§ **Exercise aim**
Give back all of the data exactly as written.

§ **Given information**
════════════════
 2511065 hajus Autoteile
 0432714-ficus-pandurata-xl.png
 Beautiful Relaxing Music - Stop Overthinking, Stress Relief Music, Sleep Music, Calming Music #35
════════════════
§ **Task response**
 2511065 hajus Autoteile
 0432714-ficus-pandurata-xl.png
 Beautiful Relaxing Music - Stop Overthinking, Stress Relief Music, Sleep Music, Calming Music #35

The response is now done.